*Task goal*. Working from the data below, write out exactly the lines from its first through the line that contains "Western Blot - Anti-CD10", both ends included and pictures omitted.

*The records*.
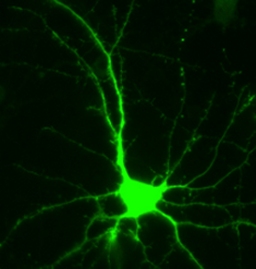 Immunocytochemistry/ Immunofluorescence - Anti-GFP antibody (AB6556), expandable thumbnail
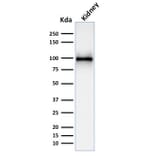 Western Blot - Anti-CD10 Antibody [MME/1892] - BSA and Azide free (A252535) - Antibodies.com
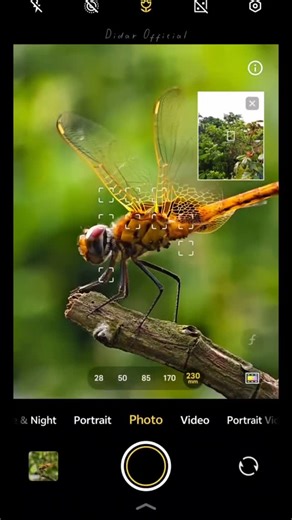 Hobby Mistry on Instagram: "Best Zoom Camera App for Mobile  Unbelievable Clarity Even at Full Zoom!  . . . . . #mobile #best #zoom #camera #new #viral #reels #mobilecamera #photography #trending #zoomapp #android #ios #viralvideo #tech #shorts #reelitfeelit #smartphone #bestapp #reeltrend #mobile #best #zoom #camera #new #viral #reels"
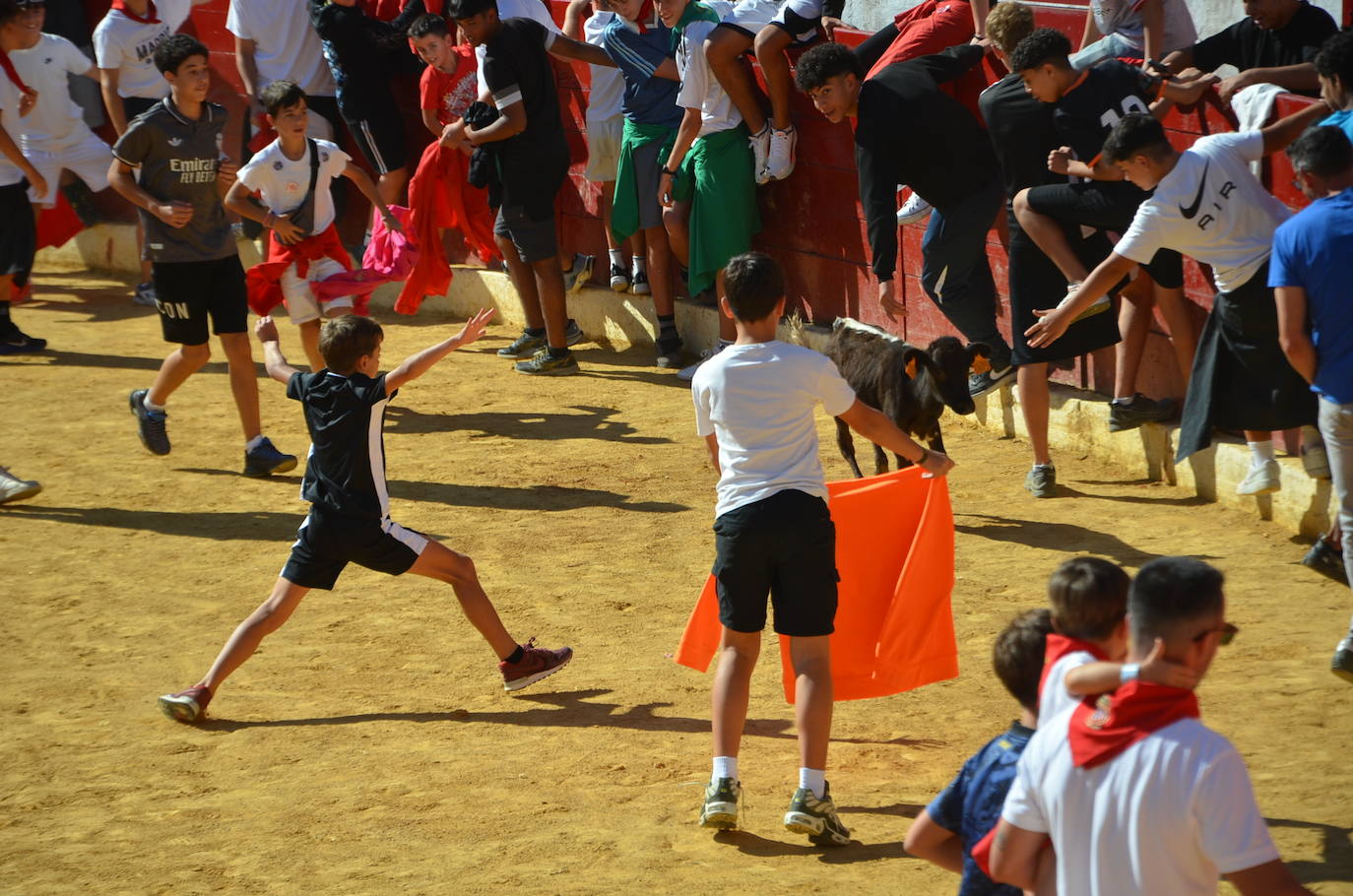 Las imágenes de las fiestas de Calahorra de este sábado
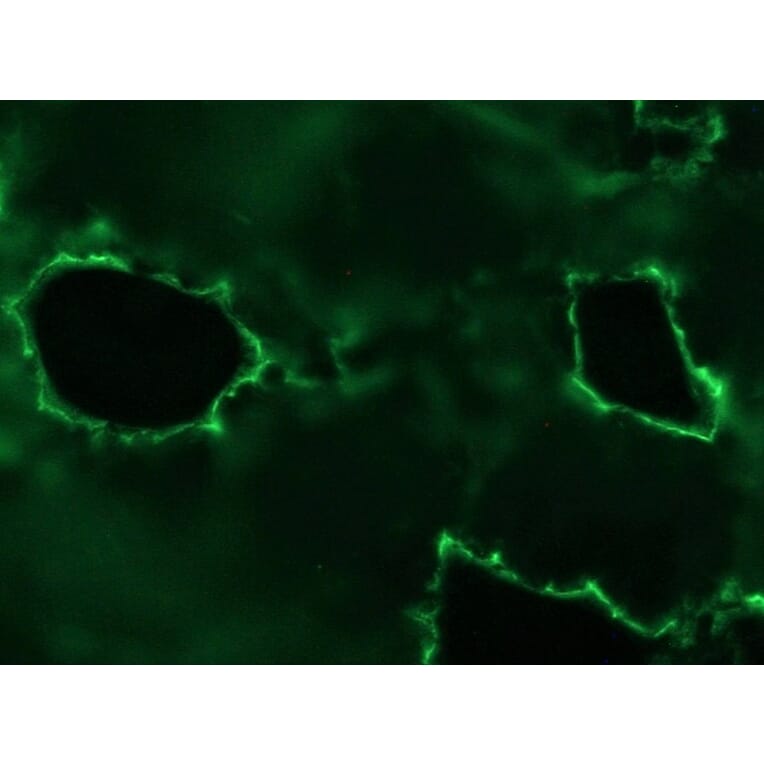 Immunohistochemistry - Anti-Plakophilin 3 Antibody [12B11F8] (A115638) - Antibodies.com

*Response*.
 Immunocytochemistry/ Immunofluorescence - Anti-GFP antibody (AB6556), expandable thumbnail
 Western Blot - Anti-CD10 Antibody [MME/1892] - BSA and Azide free (A252535) - Antibodies.com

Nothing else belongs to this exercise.